Write the following entries out again exactly, skipping each image.

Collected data
>>>>

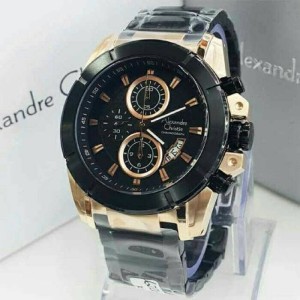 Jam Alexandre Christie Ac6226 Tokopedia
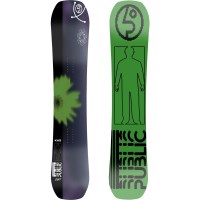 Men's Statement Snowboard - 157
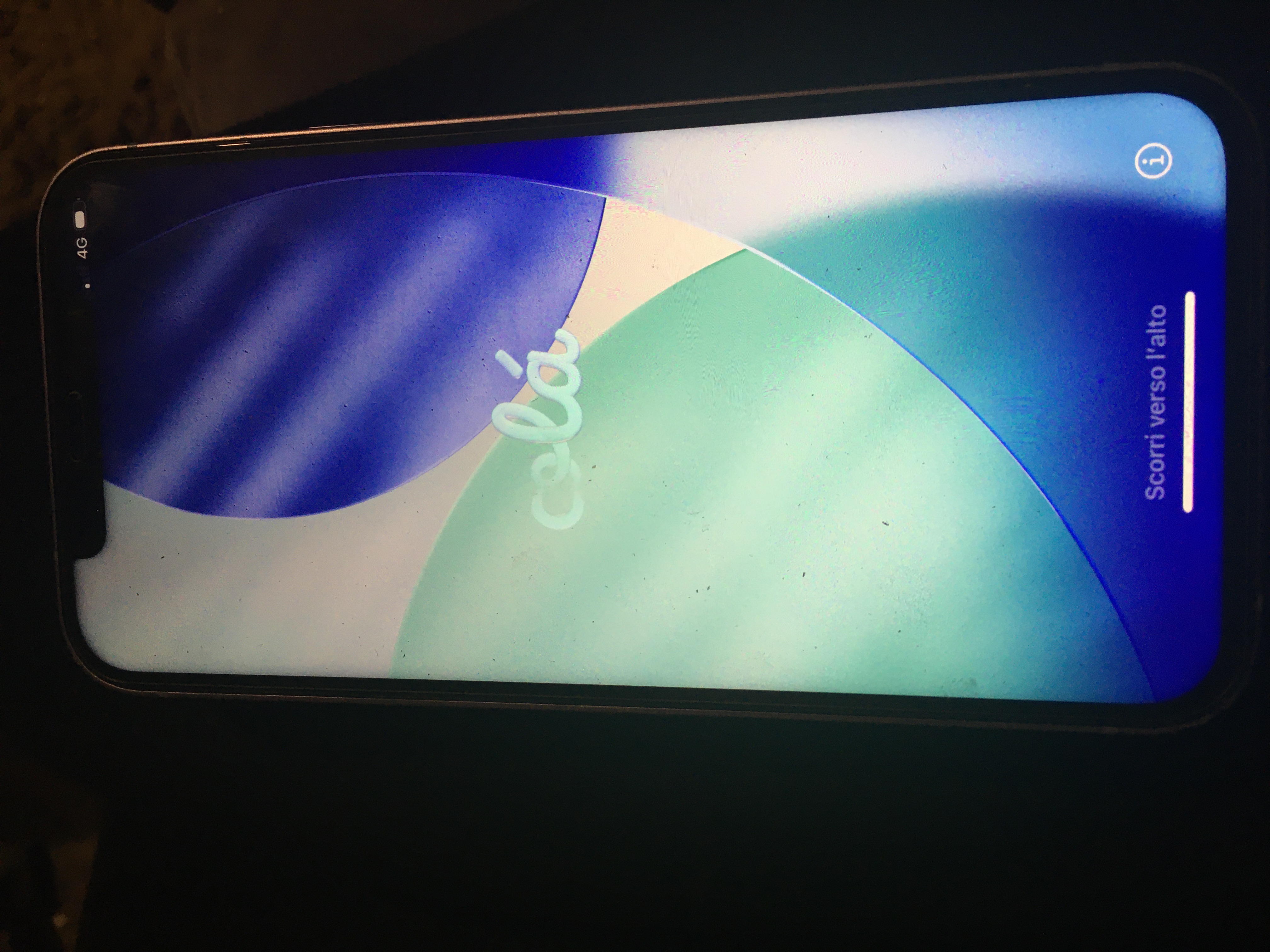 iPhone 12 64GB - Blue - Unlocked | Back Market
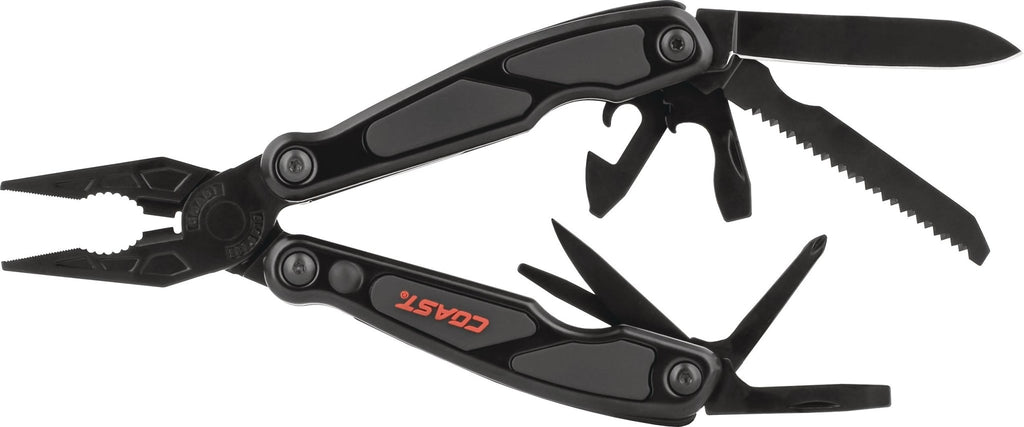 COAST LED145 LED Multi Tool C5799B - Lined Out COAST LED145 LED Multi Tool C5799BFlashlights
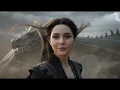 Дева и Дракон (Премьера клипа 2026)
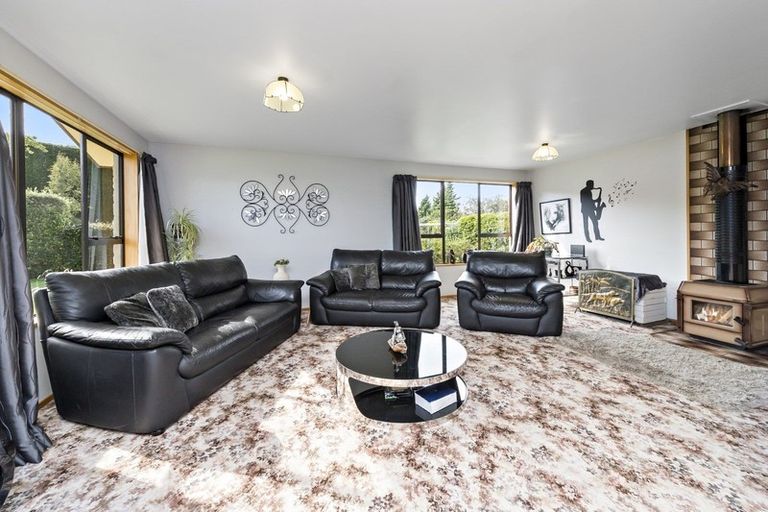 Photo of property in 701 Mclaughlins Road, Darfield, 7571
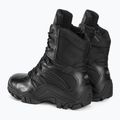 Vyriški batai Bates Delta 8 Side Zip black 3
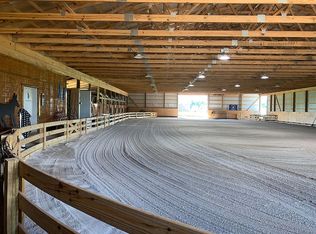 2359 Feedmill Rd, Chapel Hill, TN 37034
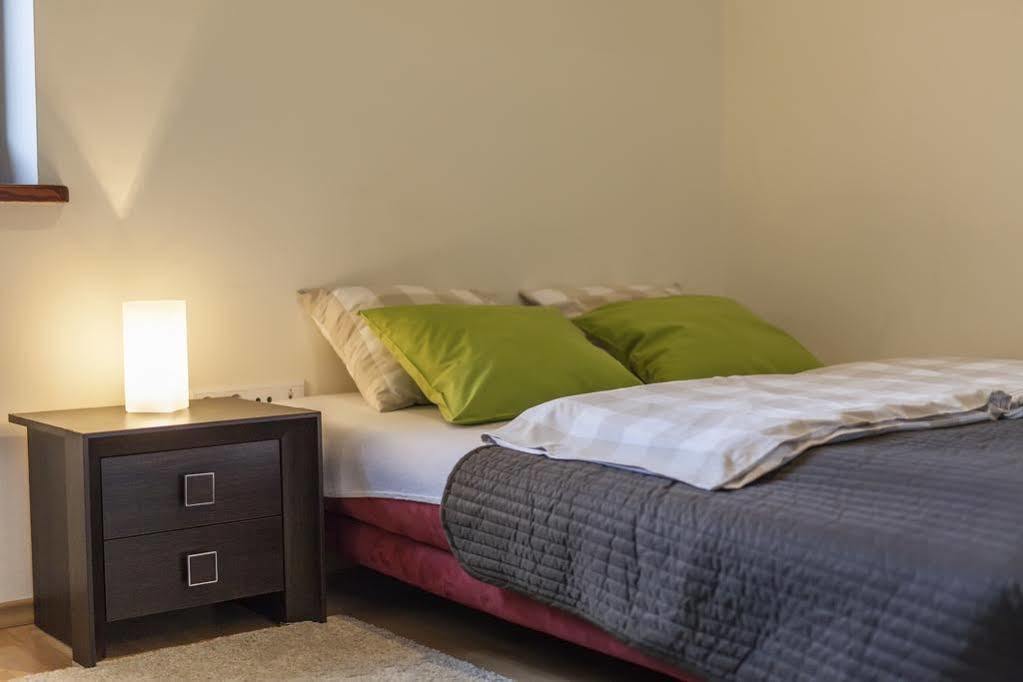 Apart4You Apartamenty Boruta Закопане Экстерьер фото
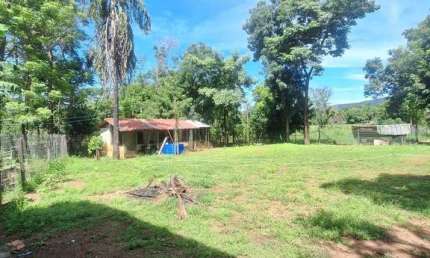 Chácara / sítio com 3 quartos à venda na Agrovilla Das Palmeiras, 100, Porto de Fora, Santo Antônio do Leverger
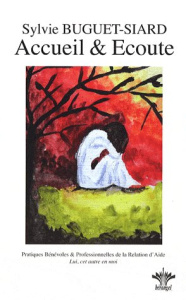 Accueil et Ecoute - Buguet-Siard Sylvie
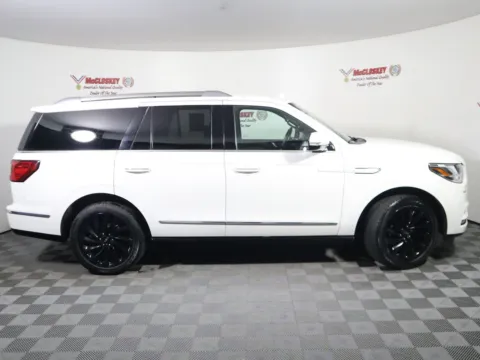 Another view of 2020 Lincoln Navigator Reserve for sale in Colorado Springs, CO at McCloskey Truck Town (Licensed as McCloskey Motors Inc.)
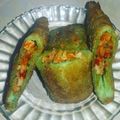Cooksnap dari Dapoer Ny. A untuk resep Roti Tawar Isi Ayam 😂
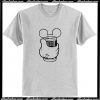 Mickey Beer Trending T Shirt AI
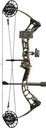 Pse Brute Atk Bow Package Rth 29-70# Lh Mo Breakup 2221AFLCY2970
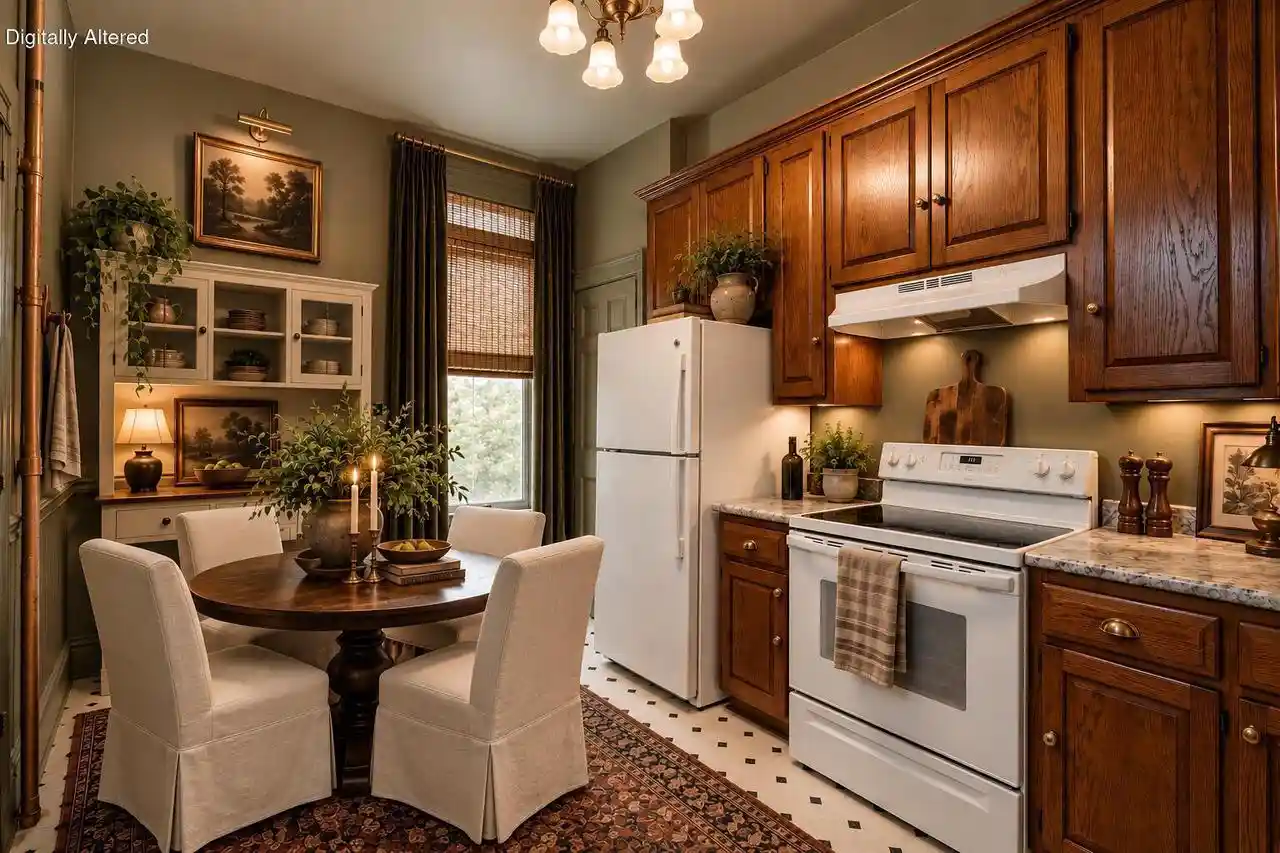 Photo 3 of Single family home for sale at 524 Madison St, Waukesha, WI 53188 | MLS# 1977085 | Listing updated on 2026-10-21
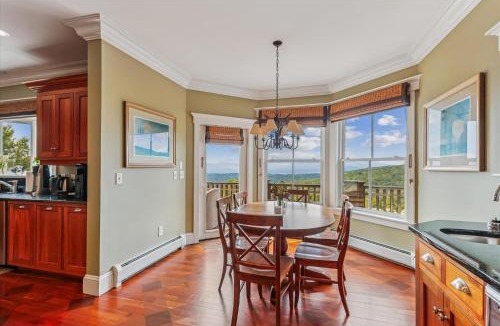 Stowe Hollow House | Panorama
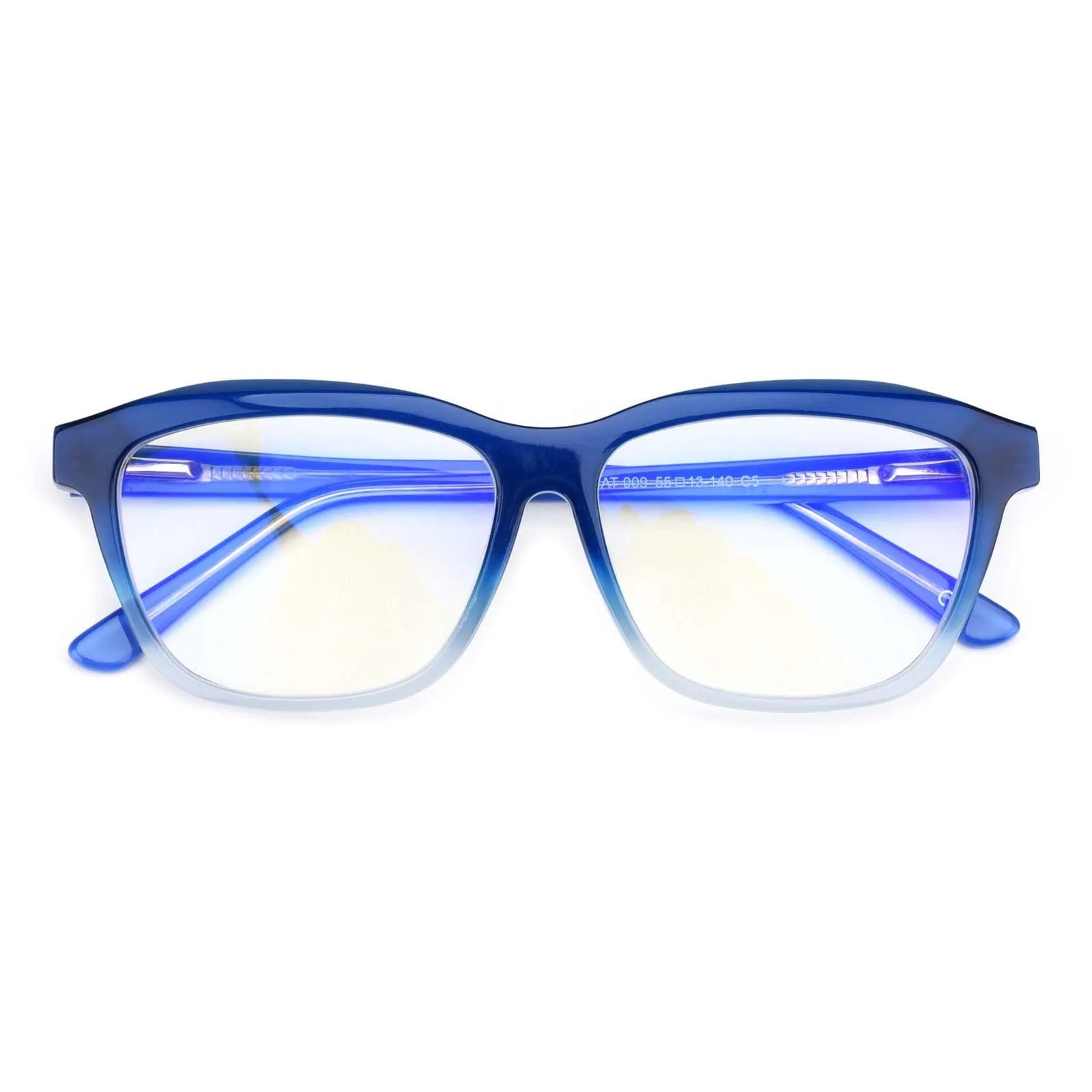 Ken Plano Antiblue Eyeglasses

<<<<

**Solution to the exercise**
 Jam Alexandre Christie Ac6226 Tokopedia
 Men's Statement Snowboard - 157
 iPhone 12 64GB - Blue - Unlocked | Back Market
 COAST LED145 LED Multi Tool C5799B - Lined Out COAST LED145 LED Multi Tool C5799BFlashlights
 Дева и Дракон (Премьера клипа 2026)
 Photo of property in 701 Mclaughlins Road, Darfield, 7571
 Vyriški batai Bates Delta 8 Side Zip black 3
 2359 Feedmill Rd, Chapel Hill, TN 37034
 Apart4You Apartamenty Boruta Закопане Экстерьер фото
 Chácara / sítio com 3 quartos à venda na Agrovilla Das Palmeiras, 100, Porto de Fora, Santo Antônio do Leverger
 Accueil et Ecoute - Buguet-Siard Sylvie
 Another view of 2020 Lincoln Navigator Reserve for sale in Colorado Springs, CO at McCloskey Truck Town (Licensed as McCloskey Motors Inc.)
Cooksnap dari Dapoer Ny. A untuk resep Roti Tawar Isi Ayam 😂
 Mickey Beer Trending T Shirt AI
 Pse Brute Atk Bow Package Rth 29-70# Lh Mo Breakup 2221AFLCY2970
 Photo 3 of Single family home for sale at 524 Madison St, Waukesha, WI 53188 | MLS# 1977085 | Listing updated on 2026-10-21
 Stowe Hollow House | Panorama
 Ken Plano Antiblue Eyeglasses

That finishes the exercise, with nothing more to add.